What is expected »
Among the records below, find each line bearing the word "Removal" and copy it.

----- Available data

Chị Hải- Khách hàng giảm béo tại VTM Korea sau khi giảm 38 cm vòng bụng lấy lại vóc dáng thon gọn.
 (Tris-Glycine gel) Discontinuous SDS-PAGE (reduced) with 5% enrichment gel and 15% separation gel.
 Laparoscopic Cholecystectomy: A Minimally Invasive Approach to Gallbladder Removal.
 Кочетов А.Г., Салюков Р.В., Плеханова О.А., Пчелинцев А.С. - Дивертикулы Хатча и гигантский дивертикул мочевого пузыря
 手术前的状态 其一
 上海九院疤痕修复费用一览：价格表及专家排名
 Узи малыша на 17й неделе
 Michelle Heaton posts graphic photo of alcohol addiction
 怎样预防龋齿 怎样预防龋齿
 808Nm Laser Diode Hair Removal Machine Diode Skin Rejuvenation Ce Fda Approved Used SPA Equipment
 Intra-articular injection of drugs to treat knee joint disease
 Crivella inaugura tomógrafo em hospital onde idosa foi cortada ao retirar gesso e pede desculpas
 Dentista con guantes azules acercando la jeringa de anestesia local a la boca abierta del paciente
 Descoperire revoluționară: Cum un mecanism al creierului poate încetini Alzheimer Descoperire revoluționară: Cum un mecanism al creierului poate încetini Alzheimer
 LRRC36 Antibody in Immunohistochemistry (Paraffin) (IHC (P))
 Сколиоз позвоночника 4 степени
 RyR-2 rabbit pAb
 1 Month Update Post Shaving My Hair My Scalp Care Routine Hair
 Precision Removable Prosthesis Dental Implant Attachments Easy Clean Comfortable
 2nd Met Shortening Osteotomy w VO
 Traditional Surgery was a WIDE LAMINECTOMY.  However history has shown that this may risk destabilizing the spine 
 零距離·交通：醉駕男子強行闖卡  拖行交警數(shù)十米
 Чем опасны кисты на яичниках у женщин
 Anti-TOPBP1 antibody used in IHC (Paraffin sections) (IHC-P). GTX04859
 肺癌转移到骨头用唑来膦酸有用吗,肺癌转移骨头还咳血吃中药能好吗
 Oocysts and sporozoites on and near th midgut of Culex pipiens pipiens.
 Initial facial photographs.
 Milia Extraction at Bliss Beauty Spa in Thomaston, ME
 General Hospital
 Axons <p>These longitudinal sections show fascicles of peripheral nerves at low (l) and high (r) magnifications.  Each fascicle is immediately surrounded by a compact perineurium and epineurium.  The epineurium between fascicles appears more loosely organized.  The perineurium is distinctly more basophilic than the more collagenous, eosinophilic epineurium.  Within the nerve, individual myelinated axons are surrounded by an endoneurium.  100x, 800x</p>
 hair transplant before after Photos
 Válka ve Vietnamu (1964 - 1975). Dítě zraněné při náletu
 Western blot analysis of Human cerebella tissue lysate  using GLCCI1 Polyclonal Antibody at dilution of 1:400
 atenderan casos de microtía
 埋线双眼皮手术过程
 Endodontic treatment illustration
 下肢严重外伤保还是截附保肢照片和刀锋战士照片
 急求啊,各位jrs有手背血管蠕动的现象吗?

----------

Written response »
 Laparoscopic Cholecystectomy: A Minimally Invasive Approach to Gallbladder Removal.
 808Nm Laser Diode Hair Removal Machine Diode Skin Rejuvenation Ce Fda Approved Used SPA Equipment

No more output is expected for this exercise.